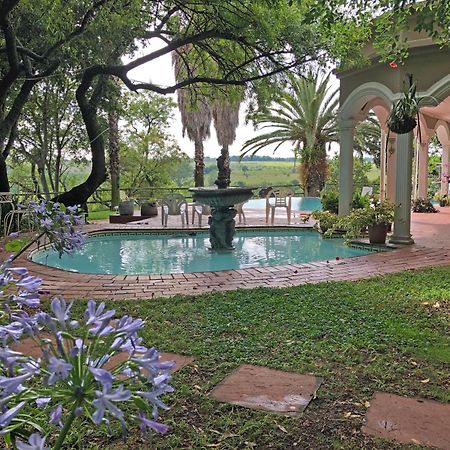 Hills And Dales Accommodation แลนเซอเรีย ภายนอก รูปภาพ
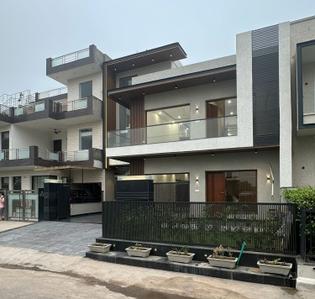 Image of 13800 Sq.ft 7 BHK Independent House for sale in Sector 6, Panchkula for Rs. 450000000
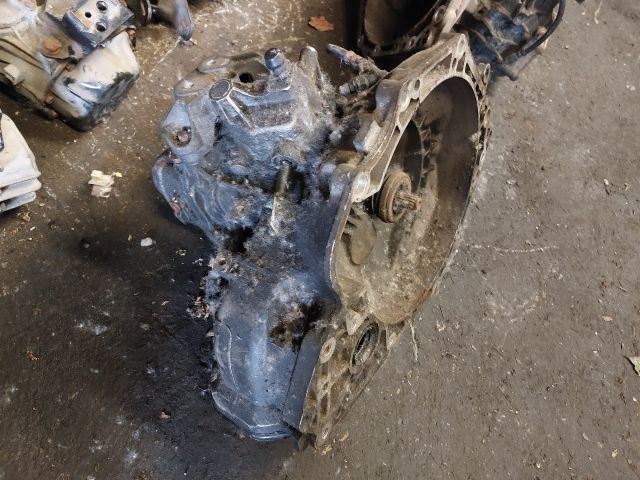 bontott OPEL CORSA C Váltó (Mechanikus)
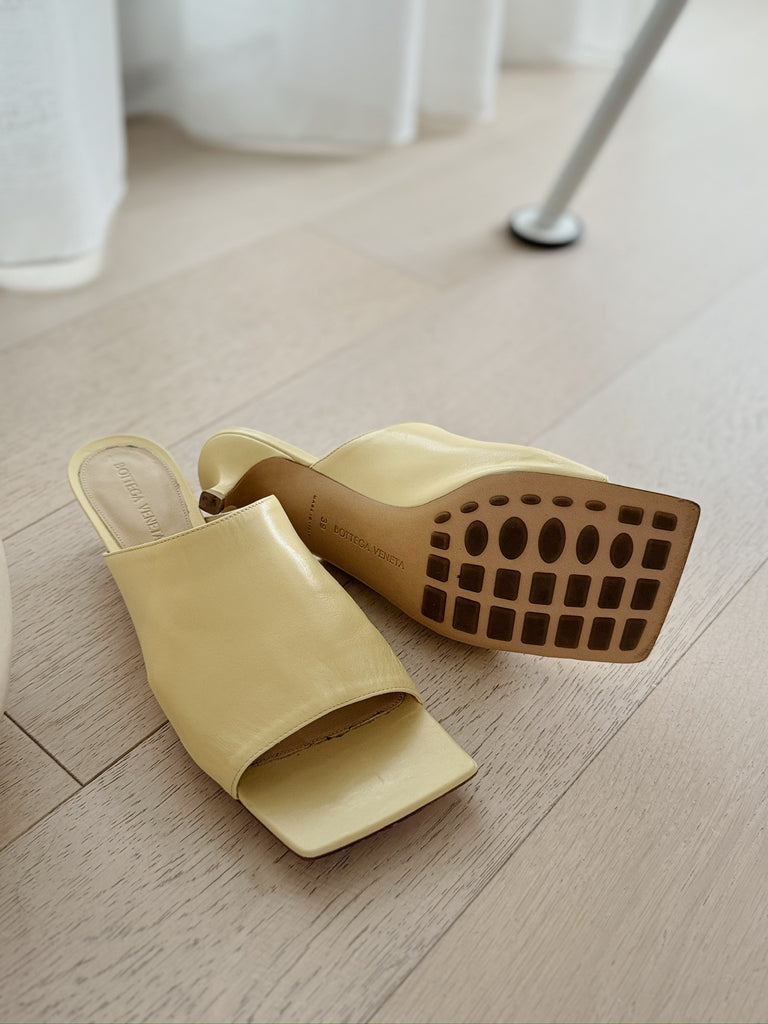 Stretch Mules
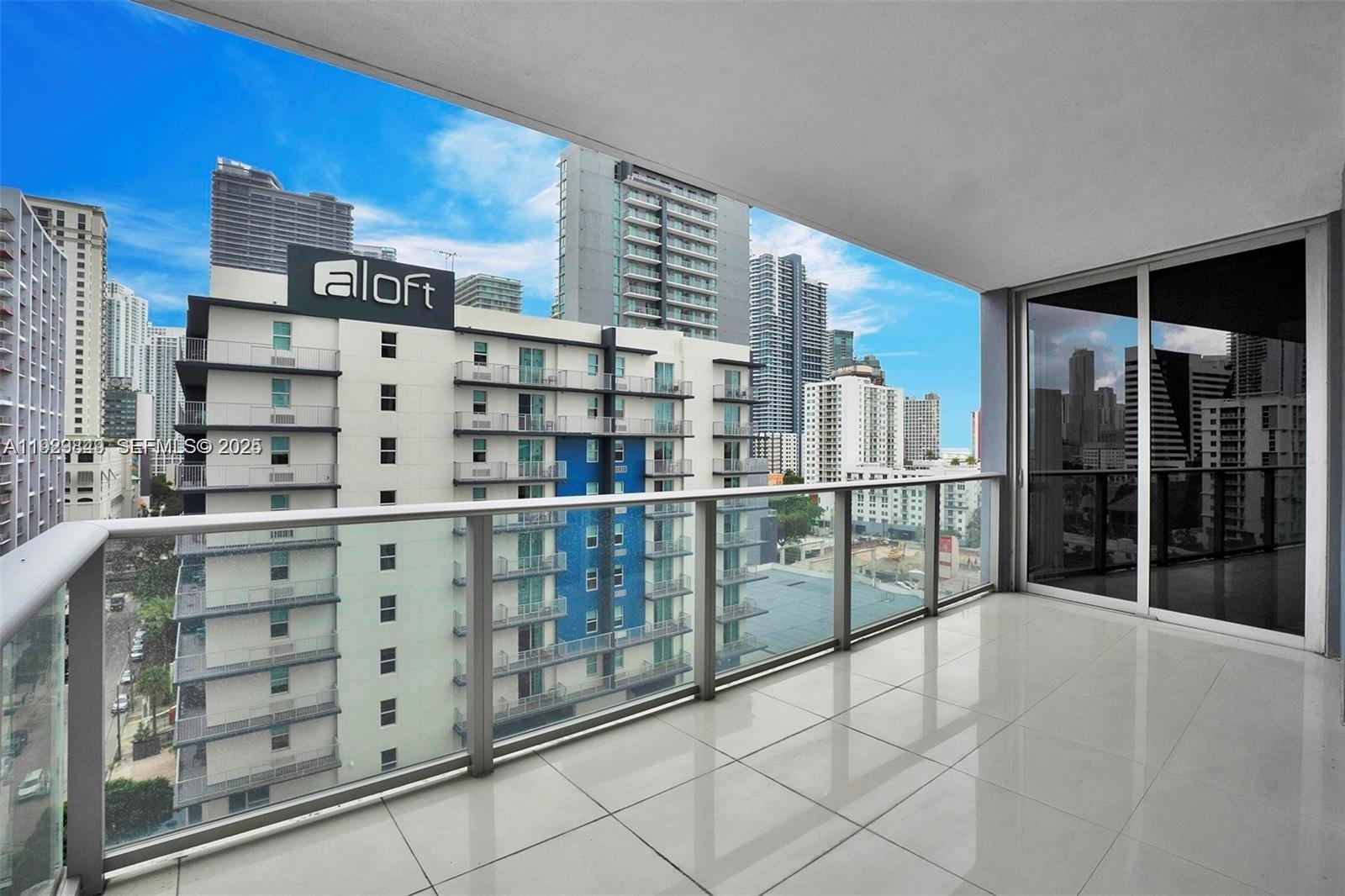 image Brickell Ten7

> **Description of the task**
Restate the material word for word; no picture should appear in the copy.

> **Answer section**
 Hills And Dales Accommodation แลนเซอเรีย ภายนอก รูปภาพ
 Image of 13800 Sq.ft 7 BHK Independent House for sale in Sector 6, Panchkula for Rs. 450000000
 bontott OPEL CORSA C Váltó (Mechanikus)
 Stretch Mules
 image Brickell Ten7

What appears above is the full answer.